Over the last 3-4 years CU outbreaks decreased during cold weather, but, its starting again last few days. On the scale, now it is maybe 4-5.
What helped me was changing my perception, changing my thoughts. “Change your thoughts, change your life”. That was the only solution.
I started looking at it as a way to change myself. I wasnt afraid anymore of the hives, I said to myself: Okay, go then, I am ready, strike me down, shoot. Would I be rolling on the floor because of the itches? Maybe, but I am ready. Would people watching me like “what is the matter with this fellow?”, probably will, but I dont care. I am ready to be knocked down and to stand up after that. It is not a joke, its like a quote from a Rockie movie: “It’s about how hard you can get hit and keep moving forward; how much you can take and keep moving forward”.
I also like this quote, from Wayne Dyer:
“What is the palm trees’ secret to staying in one piece through huge, devastating storms? They bend almost down to the ground at times, and it’s that ability that allows them to survive.”
The pain didnt go immediately, but eventually, decreased. Didnt go away completely, still present, but as a reminder, for me.
A reminder that I should be thinking positively,without fear, or negative thoughts. Yes, the thoughts are causing the CU, nothing else. No organic cause.
Sometimes, in a way (not machosistic), I am happy when the hives start. Then I think of myself that I have to change, and that I am alive. “My skin is reacting, I am alive, there is huge energy inside of me that it has to be released somewhere”.
Of course, I would like em to go away. But, considering the given situation, I am ready to go as much as is needed. One time, the hives will stop. And that is it.
PS There is one more thing you can try – meditation and yoga. It can solve the problem.
–Tachion
Tachion says
I would like to add something.
I think I am an expert in this area, since I have this illness for 12 years. I think I graduated on subject “cholinergic urticaria”. So, someone may ask – if you re an expert, why dont you heal yourself?
It is simple. The same reason why someone dont want to quit smoking. He knows that is bad, but he is still on the cigarettes. I know that some of my thoughts are attracting urticaria, and I still havent changed my thoughts. Why, is it simple then to switch them off? Well, it is, if you really want. But, the old habbits die hard.

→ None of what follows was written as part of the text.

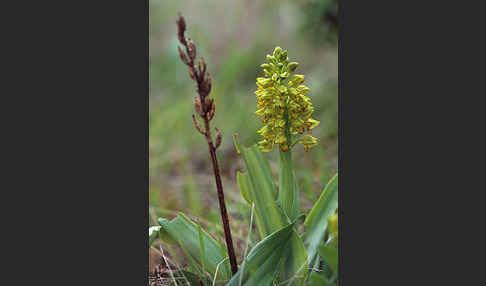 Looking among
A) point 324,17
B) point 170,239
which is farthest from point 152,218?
point 324,17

My point is – when the hive attack starts, do not think “oh, no, its coming again” “now, its gonna burn my skin”. Do not defy, do not resist it mentally. The more you resist it, the more the hives will be stronger. I ve been running from october to march almost EVERY DAY, when is freezing outside, snow, wind, rain… went to sauna, but it helps only for 24 hours, and then again. Like neverending cycle. The more I was fighting all over these years, the more I was exhausted, mentally, then physically. I went to the doctors (neurologist, alergologist, psychiatrist, dermatologist), no one could heal me. They all said “yes, thats in your head, just put it out”. Yes, they sounded like, thats easy, sure, no problems, fixed in 5 minutes…
I am adressing to the people who suffer from severe form of cholinergic urticaria, they know what I am talking about.
And, one day, I just gave up. I said to myself – okay, I lost. I surrender. And, actually, that was the first time that I really won. The illness began to fade away. You can now think – this is insane, bollocks, this cant be, but its true. There is an old russian quote, now, this is literal translation, probably there is similar quote in english: “Obey the misery, and the misery will obey to you”.
I am not saying this is the only way to cure yourself, but I ve been trying everything else, and it didnt heal me.
Nowdays, the urticaria is coming back, but in much milder form. But now, I am not afraid any more because I know how to handle it.
Miam Pat says
I broke out in hives all of a sudden sometime in June 2013. I don’t know the technical term for my type of condition or the underlying cause.The doctor merely prescribed anti-histamine to be taken daily. It helped keep the itch and swelling in check but I was not keen to be on long-term medication. After about 2 months, I chanced upon a video on juicing and decided to give it a shot. I downed 2 cups of juice every day for 5 days per week for the next 2 months and eat as usual. Thankfully, after 2 months, I was completely healed of my hives and stayed clear up to today.